Suppose the equation $A_1e^{i\alpha_1x}+A_2e^{i\alpha_2x}=A_3e^{i\alpha_3x}$
holds $\forall x\in\mathbb{R}$. (where $i^2=-1$)
Can we find the relation between the constants $\alpha_1,\alpha_2$ and $\alpha_3$?
 A: Since the equation
\begin{gather}A_1e^{i\alpha_1x}+A_2e^{i\alpha_2x}=A_3e^{i\alpha_3x} \tag{*}
\end{gather}
holds $\forall x\in\mathbb{R}$ and $e^{i\alpha x}$ is infinitely differentiable function, differentiation $(*)$ yields
$A_1 {i\alpha_1}e^{i\alpha_1x}+A_2{i\alpha_2}e^{i\alpha_2x}=A_3{i\alpha_3}e^{i\alpha_3x}.$ Then we can put $x=0:$
\begin{gather}
A_1 {i\alpha_1}+A_2{i\alpha_2}=A_3{i\alpha_3}, \\
A_1 {\alpha_1}+A_2{\alpha_2}=A_3{\alpha_3}.
\end{gather}
A: Suppose we have $a_1e^{i\alpha_1x} + A_2e^{i\alpha_2x} = A_3e^{i\alpha_3x}$. Scale the $\alpha_i$ such that their absolute values are each greater than $1$.
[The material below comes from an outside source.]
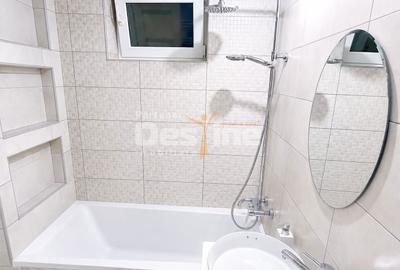 Apartament cu 2 camere decomandat, mobilat în Tomis Nord - 7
Differentiating $k$ times we get and then dividing out by $i^k$ we get: $$A_1\alpha_1^ke^{i\alpha_1x} + A_2\alpha_2^ke^{i\alpha_2x} = A_3\alpha_3^ke^{i\alpha_3x}$$
Plugging in $x=0$ we get the following holds for all nonnegative integers $k$: $$A_1\alpha_1^k + A_2\alpha_2^k = A_3\alpha_3^k$$
Suppose not all three of the $\alpha_i$ were equal. Then let $k$ go towards infinity. But then  whichever side has the $\alpha_i$ with the highest modulus will be by far the largest term unless two of the $\alpha_i$ are equal, thus we must have two of the $\alpha_i$ are equal. But then it is easy to deduce the corresponding $A_i$ are equal. Thus we can deduce two solutions:
Either two of the $\alpha_i$ are equal and the corresponding $A_i$ are equal, and the third $A_i$ is $0$ OR all the $\alpha_i$ are equal and we have $A_1 + A_2 = A_3$.